Fennec On-Call
On-call notes for the fennec admin SPA. Scope: keeping the dashboard reachable and operational for the internal admin/creator audience.
Audience and severity baseline
Fennec is internal-only (admins, moderators, creators). It is not on the end-user critical path. SLO posture reflects that:
- Sev1 (page now): total outage during business hours blocking moderation, billing review, or ops-critical workflows.
- Sev2 (page within 1h): auth broken (no one can sign in) or admin pages return 5xx broadly.
- Sev3 (next business day): single page broken, cosmetic regression, non-blocking errors in console.
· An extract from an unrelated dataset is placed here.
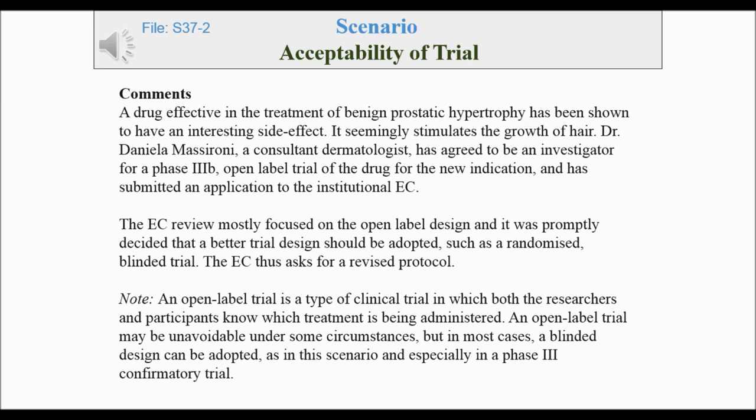Note: an open-label trial is a type of clinical trial in which both the researchers and participants know which treatment is being administered. An open-label trial may be unavoidable under some circumstances, but in most cases a blinded design can be adopted, as in this scenario, and especially in a Phase III confirmatory trial.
If a fennec issue is preventing moderation that gates user-visible
content (/moderation-review, /shop-vi/review), escalate one severity
level.
Top alerts and signals
Fennec does not have dedicated synthetic checks today. TODO(@law): confirm once Axiom / monitoring is wired. The signals to watch:
| Signal source | What it tells you | Action |
|---|---|---|
Railway beef-fennec deploy events | Build/deploy failed; healthcheck failing | See fennec-runbook.md → Rollback |
| Brain error rate spike | Most fennec failures are upstream | Triage brain first; fennec usually self-heals |
| Clerk status (status.clerk.com) | Auth-wide outage | Comms to operators; nothing fennec can do |
User reports in #ops Slack | Primary alert channel today | Open an incident if more than one operator reports |
| Browser console errors (DevTools) | Bundle-shape or env regressions | Cross-reference with last deploy in Railway |
First five minutes
- Confirm scope: one user, one page, or everyone everywhere?
- Open Railway →
beef-fennec. Check the latest deploy:- Status
SUCCESS? Healthcheck passing? - Recent deploy (< 1h) correlated with reports?
- Status
- If scope is “everyone everywhere” and a recent deploy exists, roll back on Railway before further investigation. Cheap and reversible.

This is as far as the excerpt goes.